Dell’Oro Group revised its outlook for Cloud RAN and Multi-vendor RAN, reflecting slower adoption curves and changing operator priorities. The update follows a reassessment of how Open RAN has progressed since the formation of the Open RAN Alliance in 2018, with mixed results across deployment models and vendor ecosystems.
In its February 2026 Open RAN report, Dell’Oro Group said openness, intelligence, automation, and virtualization continue to define next-generation RAN platforms, but market readiness varies widely. The firm now expects Open RAN to play a meaningful role in the latter stages of 5G and into 6G, while Cloud RAN adoption faces timing challenges and Multi-vendor RAN remains niche.

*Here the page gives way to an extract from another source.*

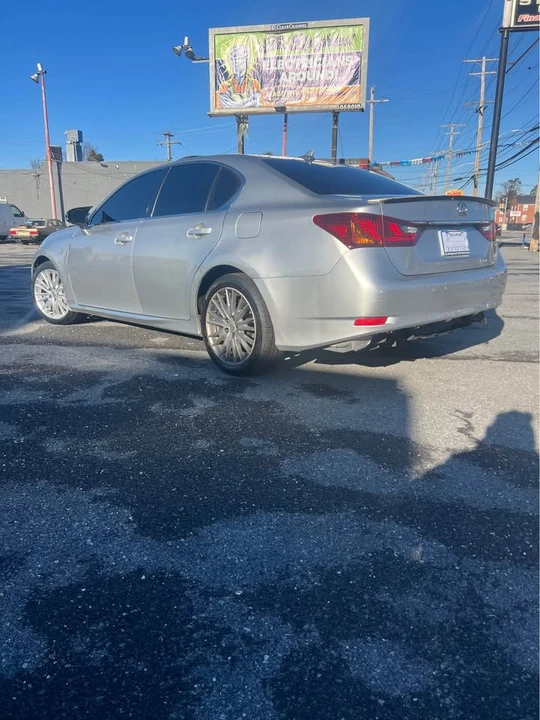 2013 Lexus GS 4th Gen - Image 9 of 20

The revised forecasts reflect ongoing constraints around performance, power efficiency, and cost parity versus purpose-built RAN systems. At the same time, Open Fronthaul is gaining traction as a baseline requirement, improving long-term visibility for Open RAN architectures even as near-term revenue expectations soften.
- Near-term Open RAN revenue expectations moved lower, while long-term growth assumptions improved, driven by the pace of Open Fronthaul deployment and its role as a baseline capability for next-generation RAN platforms.

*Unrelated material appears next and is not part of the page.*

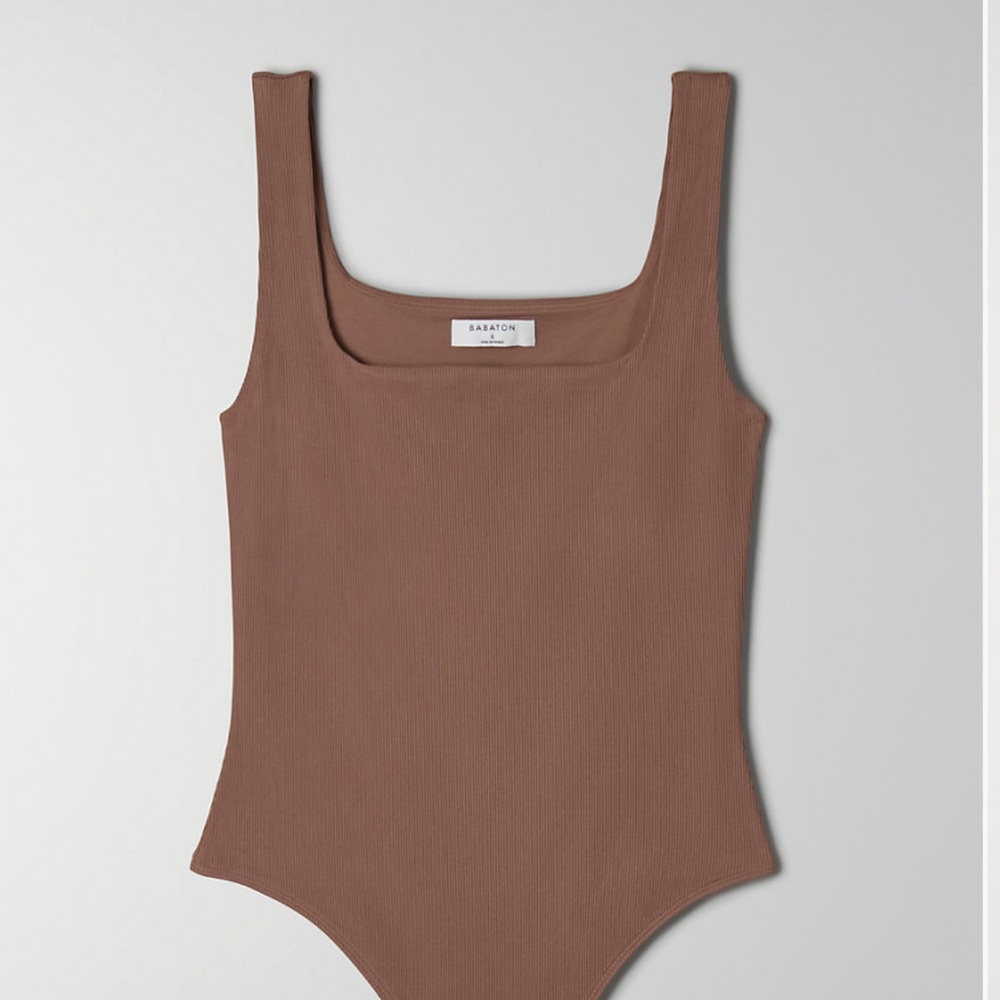 Aritzia Babaton Contour Bodysuit - Never Worn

- Cloud RAN projections were revised downward due to ongoing performance, power, and cost-parity challenges relative to purpose-built RAN, affecting deployment timing rather than long-term viability.
- Multi-vendor RAN is now forecast to represent less than 5% of total RAN by 2030, down from a prior estimate of 5–10%.

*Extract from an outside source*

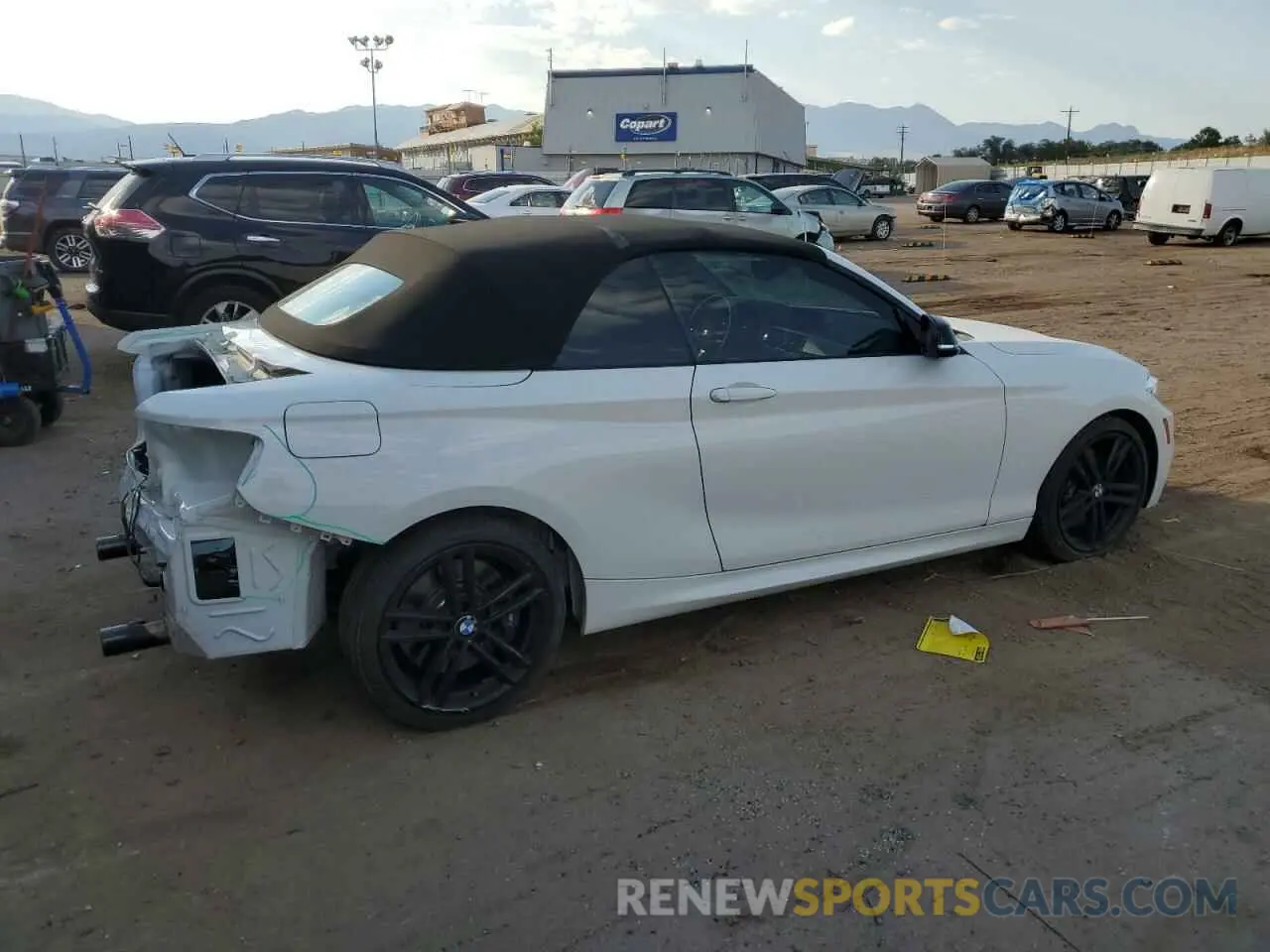 3 Photograph of a damaged car WBA2N3C00L7E38388 BMW M2 2020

“Openness, intelligence, automation, and virtualization remain key pillars in the next-generation RAN platforms,” said Stefan Pongratz, Vice President of RAN market research at Dell’Oro Group. “But the adoption curves vary. The likelihood that Open RAN, Cloud RAN, and Multi-vendor RAN will play a major role in the second half of 5G and from the start with 6G is likely, less likely, and unlikely, respectively.”
🌐 Analysis
The revised outlook aligns with recent operator feedback emphasizing energy efficiency, deterministic performance, and total cost of ownership over architectural purity. While Open RAN continues to influence interface standardization and supplier strategies, incumbent vendors and hyperscale-aligned platforms have moved faster in integrating acceleration, silicon optimization, and system-level power controls. The forecast also reflects broader industry caution around disaggregated RAN economics as 5G investment cycles mature and early 6G planning begins.